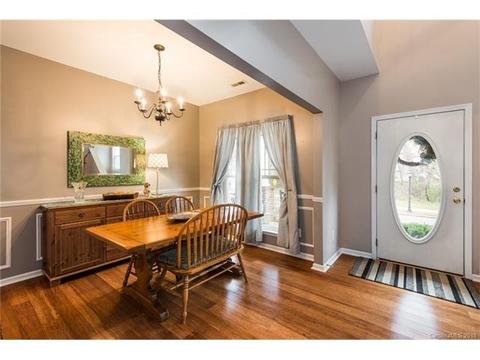 9838 Bailey Rd, Cornelius, NC 28031 photo 4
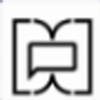 无阅小说APP下载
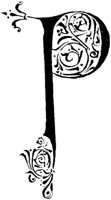 SOR180B.TIF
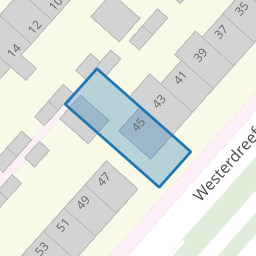 Perceel HLM03-F-2752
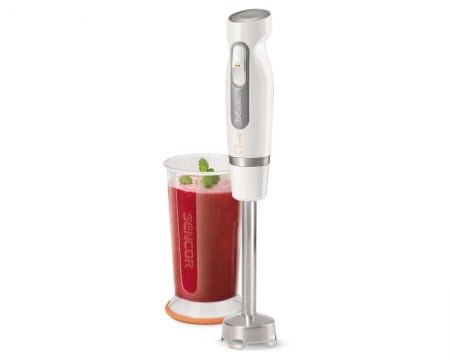 SHB 4358WH-EUE3 ručni blender
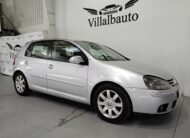 Volkswagen Golf 1.6i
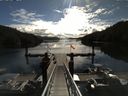 ./images/calvert/dock/20140610/dock20140610_092001.jpg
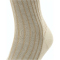FALKE Shadow Kniestr&uuml;mpfe Herren gravel 41-42
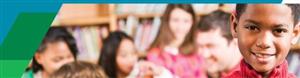 student intertace 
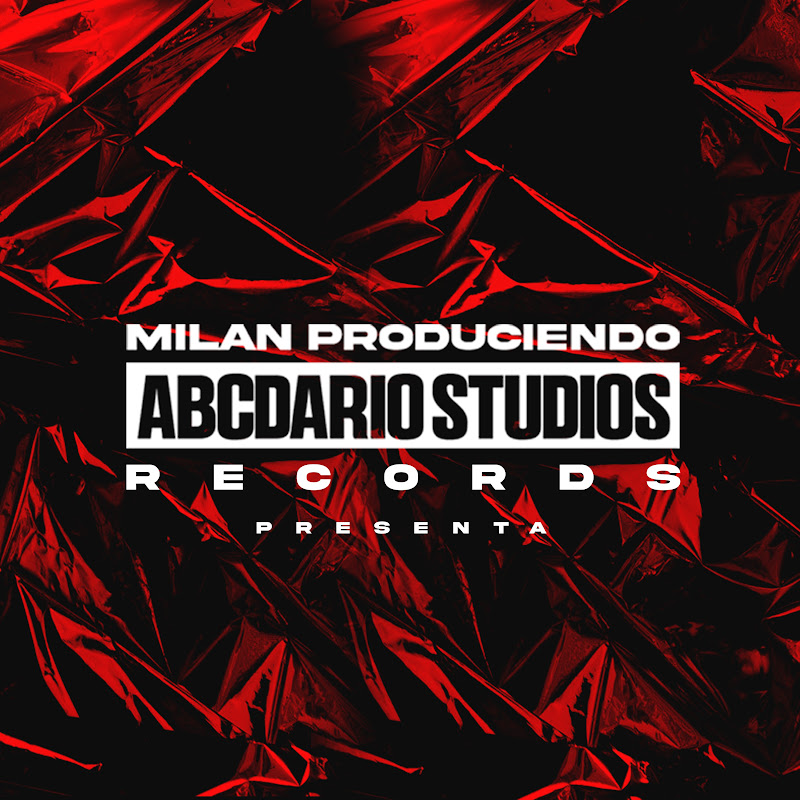 ABC DARIO STUDIOS RECORDS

----------

• **TASK PROMPT**:
Copy the records exactly, leaving out every picture.

• **OUTPUT OF THE TASK**:
 9838 Bailey Rd, Cornelius, NC 28031 photo 4
 无阅小说APP下载
 SOR180B.TIF
 Perceel HLM03-F-2752
 SHB 4358WH-EUE3 ručni blender
 Volkswagen Golf 1.6i
 ./images/calvert/dock/20140610/dock20140610_092001.jpg
FALKE Shadow Kniestr&uuml;mpfe Herren gravel 41-42
 student intertace 
 ABC DARIO STUDIOS RECORDS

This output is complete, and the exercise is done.